Problem statement - Return the listing below unchanged, but without pictures.

Dataset content -
▬▬▬

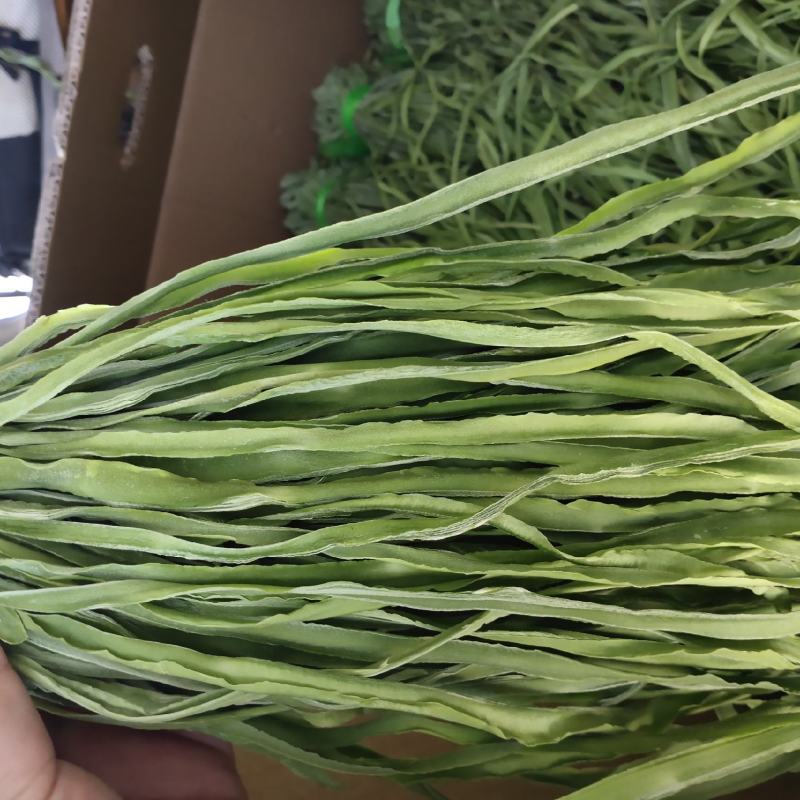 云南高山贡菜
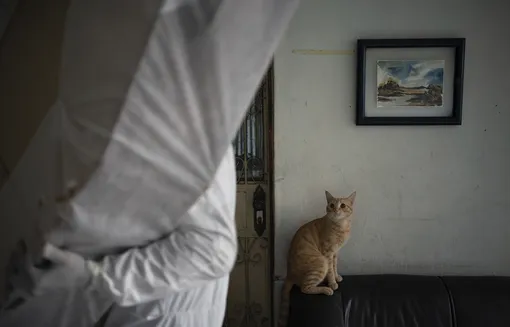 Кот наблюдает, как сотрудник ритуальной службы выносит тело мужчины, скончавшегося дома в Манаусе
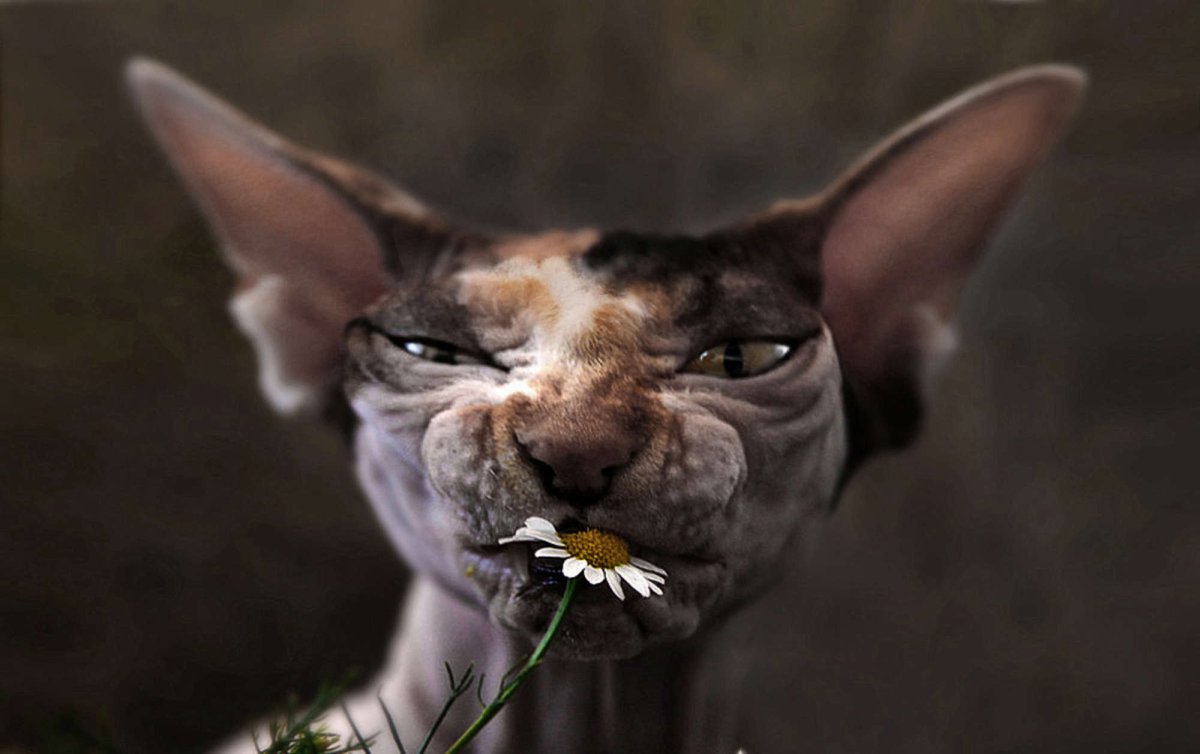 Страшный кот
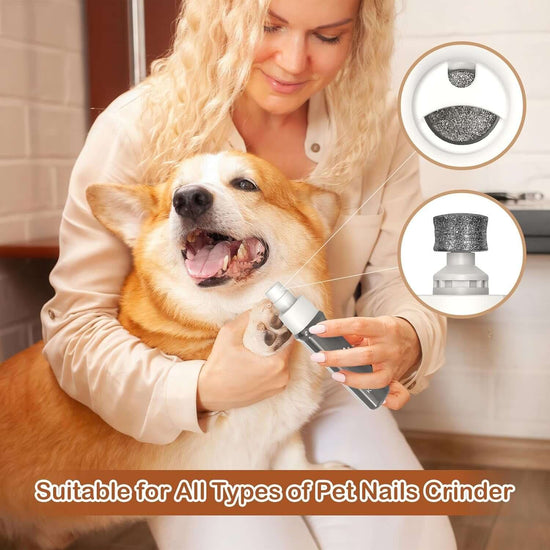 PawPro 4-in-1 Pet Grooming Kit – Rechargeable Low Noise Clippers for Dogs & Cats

▬▬▬

The completed task -
 云南高山贡菜
 Кот наблюдает, как сотрудник ритуальной службы выносит тело мужчины, скончавшегося дома в Манаусе
 Страшный кот
 PawPro 4-in-1 Pet Grooming Kit – Rechargeable Low Noise Clippers for Dogs & Cats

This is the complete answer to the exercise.